Ninguém recebe para trabalhar na Congregação Cristã e os fiéis que se envolvem com política são afastados de posições de liderança na igreja. Assembleianos podem ser remunerados e parlamentares ligados a essa igreja formam, junto com deputados da Igreja Universal do Bispo Macedo, o núcleo da chamada bancada evangélica.

A despeito da desconfiança de intelectuais, religiosos ou não, o pentecostalismo é um dos principais fomentadores da revitalização do cristianismo a partir do século 20. A liturgia que fala de dilemas presentes, o ambiente animado, o uso da música popular são características, por exemplo, do trabalho evangelizador de católicos midiáticos como os padres Marcelo Rossi e Fábio de Melo.

É um fenômeno planetário que tem mais elementos a serem observados do que cabe na imagem simplificada do fanático. Por exemplo, sua relação com a religiosidade e as condições de vida dos afrodescendentes nas Américas.

O teólogo Marco Davi Oliveira descreveu em 2015 o pentecostalismo como "a religião mais negra do Brasil". Em 2019, o instituto Datafolha apresentou a cara do evangélico brasileiro como sendo preto ou pardo, pobre, periférico, jovem e majoritariamente do sexo feminino.

Por causa de sua origem popular —barulhenta, intensa, emotiva e pouco escolarizada—, pentecostais são criticados e atacados dentro e fora do protestantismo. Esses ataques contrastam com o argumento do sociólogo da religião David Martin. Ele escreveu que o pentecostalismo é um fenômeno modernizante e que tem potencial para elevar os pobres à classe média.

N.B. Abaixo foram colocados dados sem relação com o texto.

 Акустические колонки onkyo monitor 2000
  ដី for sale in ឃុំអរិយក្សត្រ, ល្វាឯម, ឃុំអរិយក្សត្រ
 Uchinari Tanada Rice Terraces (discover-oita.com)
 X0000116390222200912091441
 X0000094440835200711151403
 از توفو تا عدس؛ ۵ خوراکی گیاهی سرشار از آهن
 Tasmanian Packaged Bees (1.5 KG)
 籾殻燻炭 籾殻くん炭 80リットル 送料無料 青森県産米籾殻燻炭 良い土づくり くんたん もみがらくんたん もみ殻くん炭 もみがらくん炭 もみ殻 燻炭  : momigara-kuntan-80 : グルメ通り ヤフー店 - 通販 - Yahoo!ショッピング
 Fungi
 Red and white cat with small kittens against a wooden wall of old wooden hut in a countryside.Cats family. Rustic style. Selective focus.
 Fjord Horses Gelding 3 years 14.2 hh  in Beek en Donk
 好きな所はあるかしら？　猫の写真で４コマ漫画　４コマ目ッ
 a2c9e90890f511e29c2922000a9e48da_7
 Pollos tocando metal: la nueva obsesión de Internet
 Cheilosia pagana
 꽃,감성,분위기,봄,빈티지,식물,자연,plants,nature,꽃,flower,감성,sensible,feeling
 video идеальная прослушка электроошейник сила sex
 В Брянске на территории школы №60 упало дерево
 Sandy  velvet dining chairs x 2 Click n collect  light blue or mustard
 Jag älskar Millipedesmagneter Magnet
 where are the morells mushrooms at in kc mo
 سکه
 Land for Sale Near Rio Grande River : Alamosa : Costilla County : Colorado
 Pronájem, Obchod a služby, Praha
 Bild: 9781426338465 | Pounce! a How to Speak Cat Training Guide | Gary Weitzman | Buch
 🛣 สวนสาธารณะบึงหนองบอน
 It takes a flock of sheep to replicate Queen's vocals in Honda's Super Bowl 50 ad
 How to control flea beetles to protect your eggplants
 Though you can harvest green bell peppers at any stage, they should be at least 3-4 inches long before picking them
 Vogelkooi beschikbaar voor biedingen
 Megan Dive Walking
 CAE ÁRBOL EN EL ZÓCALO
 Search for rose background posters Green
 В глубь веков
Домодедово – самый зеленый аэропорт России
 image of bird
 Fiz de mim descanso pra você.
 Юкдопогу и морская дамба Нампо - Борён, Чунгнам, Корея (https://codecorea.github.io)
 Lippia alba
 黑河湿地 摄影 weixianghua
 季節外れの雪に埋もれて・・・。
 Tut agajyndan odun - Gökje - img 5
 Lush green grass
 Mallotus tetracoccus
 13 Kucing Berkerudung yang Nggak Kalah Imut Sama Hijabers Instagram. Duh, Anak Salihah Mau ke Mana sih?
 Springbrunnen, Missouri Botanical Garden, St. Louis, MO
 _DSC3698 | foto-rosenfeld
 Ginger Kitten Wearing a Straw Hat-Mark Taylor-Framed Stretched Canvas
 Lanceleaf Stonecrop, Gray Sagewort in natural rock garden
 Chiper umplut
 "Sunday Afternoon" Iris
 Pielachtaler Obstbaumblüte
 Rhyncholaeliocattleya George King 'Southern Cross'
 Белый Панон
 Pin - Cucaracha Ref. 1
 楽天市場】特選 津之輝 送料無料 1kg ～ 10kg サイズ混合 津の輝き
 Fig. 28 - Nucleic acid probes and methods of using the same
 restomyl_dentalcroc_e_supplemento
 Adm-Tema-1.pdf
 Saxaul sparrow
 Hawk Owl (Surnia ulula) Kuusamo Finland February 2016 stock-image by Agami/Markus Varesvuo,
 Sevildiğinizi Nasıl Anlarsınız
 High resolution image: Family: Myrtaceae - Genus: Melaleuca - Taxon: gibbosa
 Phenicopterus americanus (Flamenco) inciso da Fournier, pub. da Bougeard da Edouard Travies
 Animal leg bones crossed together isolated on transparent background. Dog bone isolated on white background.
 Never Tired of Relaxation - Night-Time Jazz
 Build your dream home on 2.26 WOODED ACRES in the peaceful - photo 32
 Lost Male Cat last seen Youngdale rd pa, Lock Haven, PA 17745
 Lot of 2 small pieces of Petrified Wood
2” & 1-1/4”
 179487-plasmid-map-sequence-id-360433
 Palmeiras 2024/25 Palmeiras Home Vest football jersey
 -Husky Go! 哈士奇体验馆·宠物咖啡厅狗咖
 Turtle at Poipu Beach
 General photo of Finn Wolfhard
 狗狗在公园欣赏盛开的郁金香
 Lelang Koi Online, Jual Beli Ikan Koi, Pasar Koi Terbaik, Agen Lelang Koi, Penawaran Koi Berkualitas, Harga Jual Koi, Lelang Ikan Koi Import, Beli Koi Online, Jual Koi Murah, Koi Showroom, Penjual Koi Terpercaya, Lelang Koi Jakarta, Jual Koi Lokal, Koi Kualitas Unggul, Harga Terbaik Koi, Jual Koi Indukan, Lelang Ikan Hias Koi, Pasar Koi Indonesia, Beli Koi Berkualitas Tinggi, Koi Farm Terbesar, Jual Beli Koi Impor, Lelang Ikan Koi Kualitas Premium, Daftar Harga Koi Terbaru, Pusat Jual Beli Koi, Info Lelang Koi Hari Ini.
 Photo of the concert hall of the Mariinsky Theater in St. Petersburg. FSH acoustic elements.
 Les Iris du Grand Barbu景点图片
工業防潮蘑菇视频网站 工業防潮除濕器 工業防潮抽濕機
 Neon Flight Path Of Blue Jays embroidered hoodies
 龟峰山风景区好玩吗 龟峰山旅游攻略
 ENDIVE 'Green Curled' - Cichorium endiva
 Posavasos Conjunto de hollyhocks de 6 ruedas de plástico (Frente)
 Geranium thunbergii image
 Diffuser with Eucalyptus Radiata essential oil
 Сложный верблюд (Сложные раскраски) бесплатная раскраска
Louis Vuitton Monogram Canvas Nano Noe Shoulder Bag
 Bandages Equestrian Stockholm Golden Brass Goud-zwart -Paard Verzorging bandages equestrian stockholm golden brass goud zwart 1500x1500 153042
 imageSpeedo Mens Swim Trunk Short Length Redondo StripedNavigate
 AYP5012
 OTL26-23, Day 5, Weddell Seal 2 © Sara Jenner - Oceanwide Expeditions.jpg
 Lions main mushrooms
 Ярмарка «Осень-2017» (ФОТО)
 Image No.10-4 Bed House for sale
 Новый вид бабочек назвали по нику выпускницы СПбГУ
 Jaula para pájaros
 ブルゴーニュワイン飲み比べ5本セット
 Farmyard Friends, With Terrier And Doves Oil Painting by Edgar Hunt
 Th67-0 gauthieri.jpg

Dos 42 milhões de evangélicos brasileiros mapeados pelo Censo de 2010, 25 milhões eram pentecostais. É por causa do crescimento desse grupo que o demógrafo José Eustáquio Alves, professor aposentado da Escola Nacional de Ciências Estatísticas do IBGE, calculou que o número de protestantes ultrapassará o de católicos no Brasil até 2032.

Por tudo isso e por outros motivos que não cabem no espaço desta coluna, já não é viável, nem razoável, nem prudente criar planos de negócios, desenhar campanhas de mídia, elaborar programas de TV para grandes audiências ou projetos de marketing político no Brasil sem conhecer quem são, escutar o que pensam e buscar diálogos com evangélicos pentecostais.